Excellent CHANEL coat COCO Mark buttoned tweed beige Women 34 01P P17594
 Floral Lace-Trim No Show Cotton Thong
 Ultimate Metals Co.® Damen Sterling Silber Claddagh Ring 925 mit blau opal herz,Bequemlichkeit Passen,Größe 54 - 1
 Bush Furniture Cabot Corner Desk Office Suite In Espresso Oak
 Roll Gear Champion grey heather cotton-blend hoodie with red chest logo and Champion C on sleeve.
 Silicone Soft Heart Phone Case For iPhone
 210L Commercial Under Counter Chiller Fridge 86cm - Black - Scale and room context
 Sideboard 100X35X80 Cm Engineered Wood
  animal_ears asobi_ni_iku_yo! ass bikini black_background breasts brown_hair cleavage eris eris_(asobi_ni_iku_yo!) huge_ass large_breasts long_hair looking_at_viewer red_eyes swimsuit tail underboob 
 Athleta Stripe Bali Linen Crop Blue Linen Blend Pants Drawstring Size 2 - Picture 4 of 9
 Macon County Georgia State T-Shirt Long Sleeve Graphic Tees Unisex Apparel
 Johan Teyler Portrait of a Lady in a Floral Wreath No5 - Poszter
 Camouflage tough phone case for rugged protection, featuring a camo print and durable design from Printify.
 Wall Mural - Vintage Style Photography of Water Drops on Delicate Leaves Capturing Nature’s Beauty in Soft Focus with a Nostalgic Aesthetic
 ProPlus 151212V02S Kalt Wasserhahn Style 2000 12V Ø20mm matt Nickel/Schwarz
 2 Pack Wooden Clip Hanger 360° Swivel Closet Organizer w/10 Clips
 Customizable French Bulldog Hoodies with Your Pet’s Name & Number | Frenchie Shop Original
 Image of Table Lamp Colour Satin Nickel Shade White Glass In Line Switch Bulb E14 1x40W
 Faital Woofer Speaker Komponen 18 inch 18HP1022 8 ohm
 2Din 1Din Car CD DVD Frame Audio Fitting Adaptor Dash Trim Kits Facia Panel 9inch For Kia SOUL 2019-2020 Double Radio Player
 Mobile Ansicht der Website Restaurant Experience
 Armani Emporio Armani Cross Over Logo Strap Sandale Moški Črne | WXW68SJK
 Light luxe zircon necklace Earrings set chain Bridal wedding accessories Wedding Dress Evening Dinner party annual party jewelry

• [EXERCISE DIRECTIONS]: The lines above that hold the word "Soft" are the ones to copy.

• [SOLUTION TO THE PROBLEM]:
 Silicone Soft Heart Phone Case For iPhone
 Wall Mural - Vintage Style Photography of Water Drops on Delicate Leaves Capturing Nature’s Beauty in Soft Focus with a Nostalgic Aesthetic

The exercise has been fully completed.